11One day, when Moses had grown up, he went out to his people and looked on their burdens, and he saw an Egyptian beating a Hebrew, one of his people. 12He looked this way and that, and seeing no one, he struck down the Egyptian and hid him in the sand. 13When he went out the next day, behold, two Hebrews were struggling together. And he said to the man in the wrong, "Why do you strike your companion?" 14He answered, "Who made you a prince and a judge over us? Do you mean to kill me as you killed the Egyptian?" Then Moses was afraid, and thought, "Surely the thing is known." 15When Pharaoh heard of it, he sought to kill Moses. But Moses fled from Pharaoh and stayed in the land of Midian.
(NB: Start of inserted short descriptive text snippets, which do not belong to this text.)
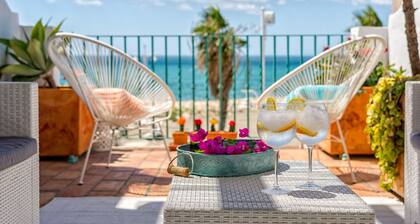 Noemi Playa - Beach townhouse in Malaga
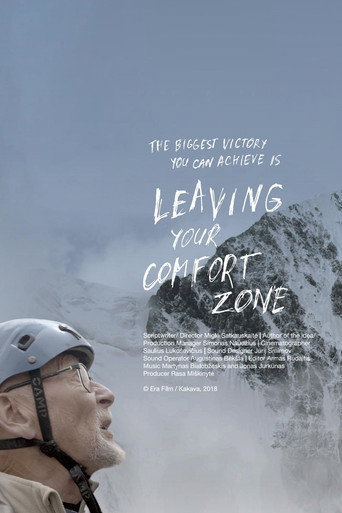 Leaving Your Comfort Zone movie poster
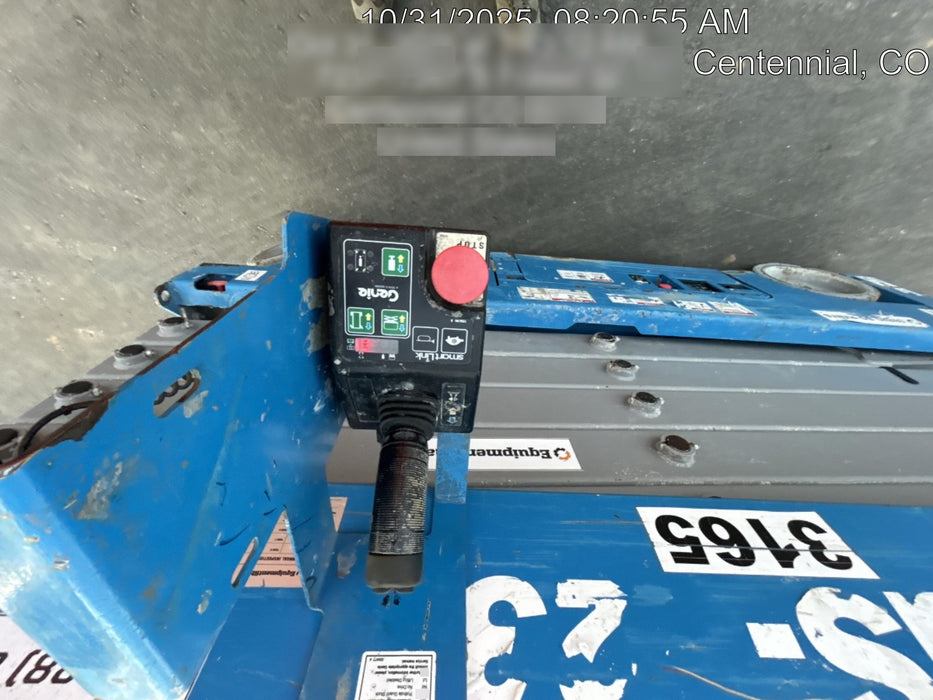 2017 Genie GS-3232 Standard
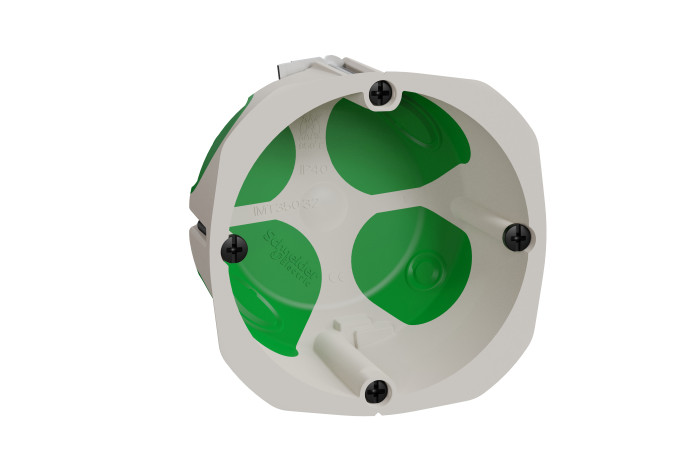 APP.BOX AIRTIGHT SINGL CC71, 67X47, IMT35032, INSTALLATION MATERIALS, BOXES, 0610 INSTALATION BOXES - SCHNEIDER ELECTRIC (pavadinimas tikslinamas)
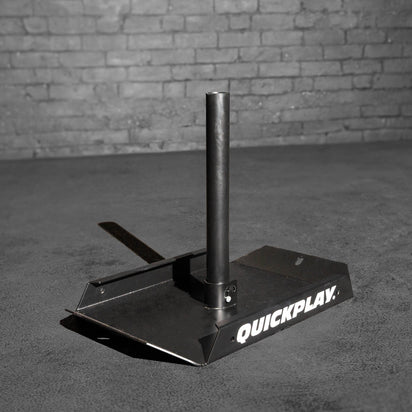 Weighted Training Pulling Sled - QUICKPLAY - strength-conditioning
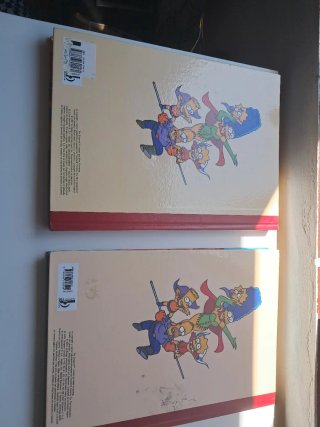 Super Simpson 6 y 11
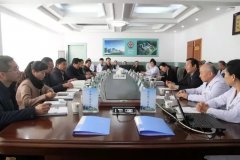 <strong>我院与青海省兴海县人民医院签订友好医院对口帮扶协议</strong>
And he sat down by a well.
This was the focal point of yesterday's sermon. Moses started out trying to wage a guerrilla war against Egyptian oppression, but he was doing it in his own strength.
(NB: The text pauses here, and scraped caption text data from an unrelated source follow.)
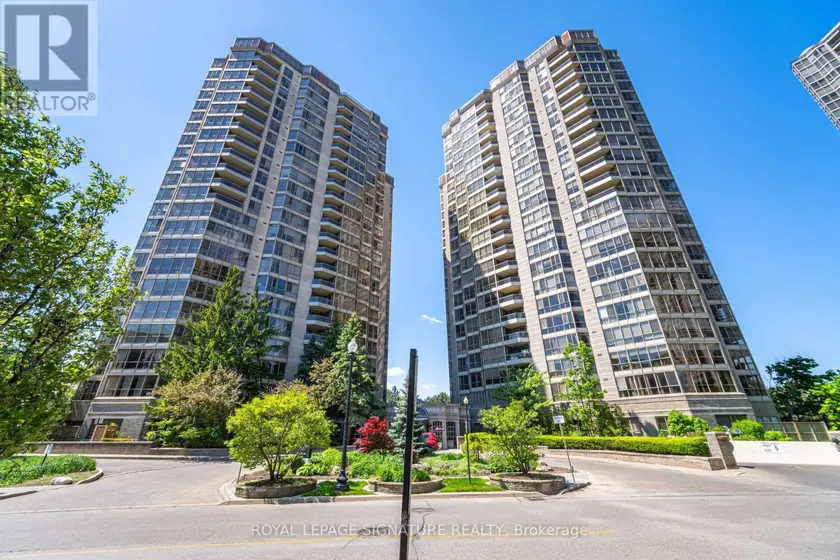 Apartment at 2310 - 55 KINGSBRIDGE GARDEN CIRCLE, Mississauga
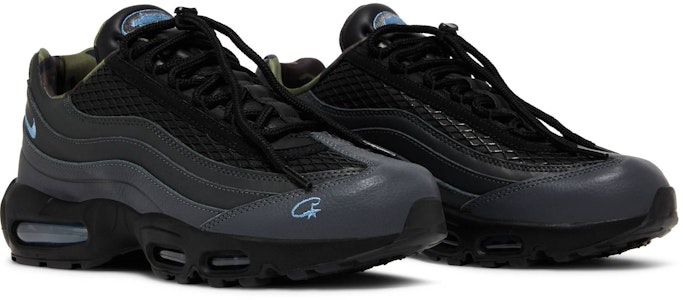Corteiz x Nike Air Max 95 SP 'RULES THE WORLD - Gridiron Biru' FB2709-002 Cheap Corteiz x Nike Air Max 95 SP 'RULES THE WORLD - Gridiron Biru' FB2709-002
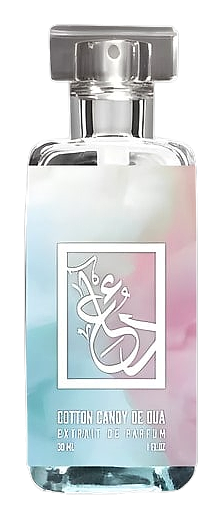 Cotton Candy De Dua by The Dua Brand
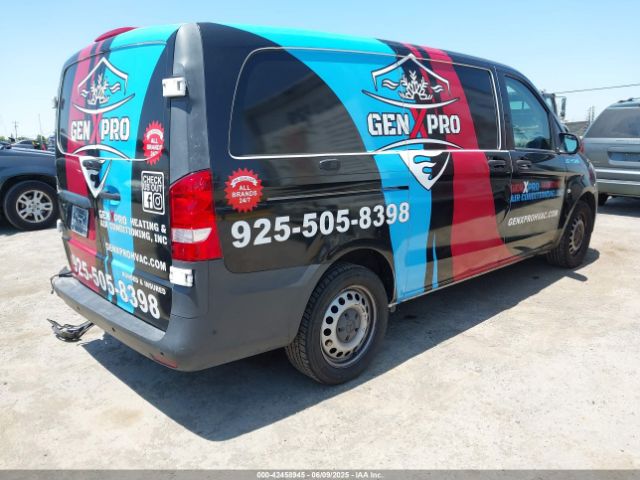 WD3PG2EA1G3111599 Mercedes-Benz Metris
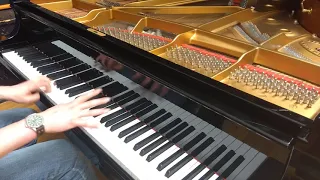 Pirates of the Caribbean - Jarrod Radnich's Piano Solo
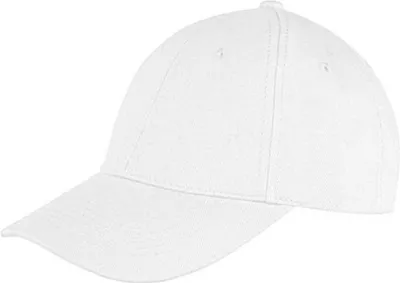 Produktbild von Result Headwear RC081X | Memphis 6-Panel Cap / Kappe / Mütze / Hut - Farbe: White - Größe: One Size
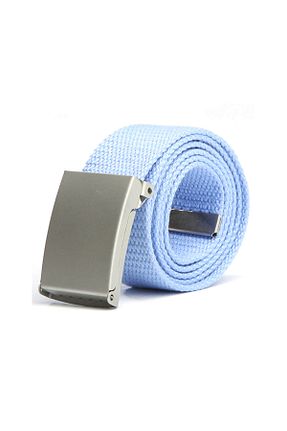 کمربند فیروزه ای زنانه Ocean Pole - کد 4160584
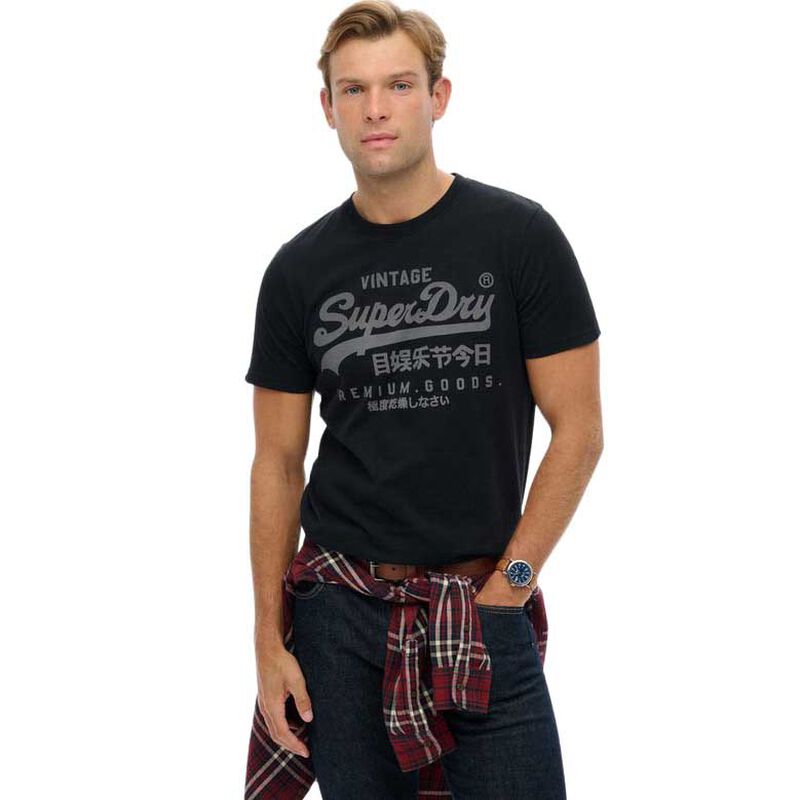 Superdry Vl Classic Tee image number 0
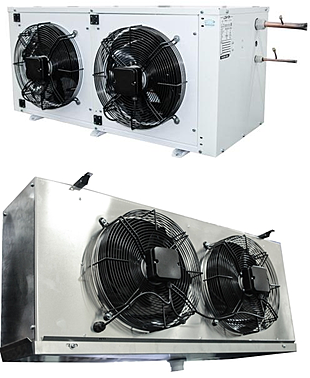 Сплит-система низкотемпературная INTERCOLD LCM-443 FT
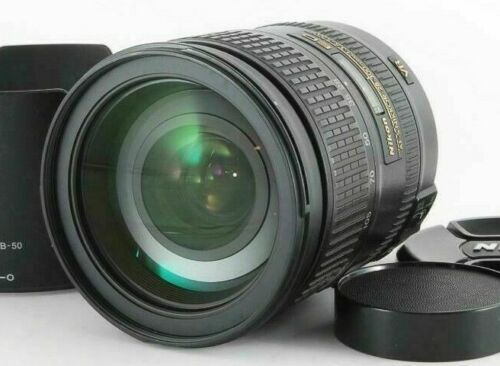 Nikon AF-S NIKKOR 28-300mm F3.5-5.6G ED VR for F Mount Lens w/ Hood [Mint] - Picture 1 of 12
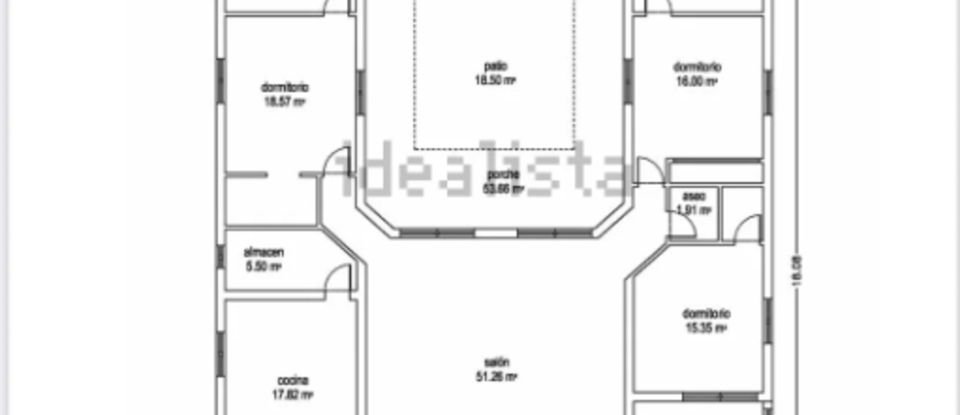 Maison 3 chambres de 295 m² à Alhaurín el Grande (29120)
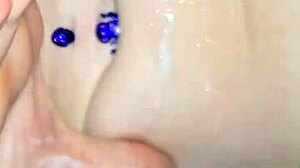 Pussy creampie drips in steamy compilation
When the time came, he was God's spokesman to Pharaoh, but it was God that was doing the work, not Moses. Of course, it took four decades in Midian and a visit to a burning bush before he got to get that shape-shifting staff and all those plagues to make him look good.
We generally don't want to wait forty years. Two years in the wilderness is enough for weak-kneed folks like me. However, when we try to speed God's timing along, we get Ishmaels that don't work as well as God intends for us.
Thankfully, most things in God's timetable for us come in smaller than two-score increments. However, we still need to wait upon that timetable, or get something substandard.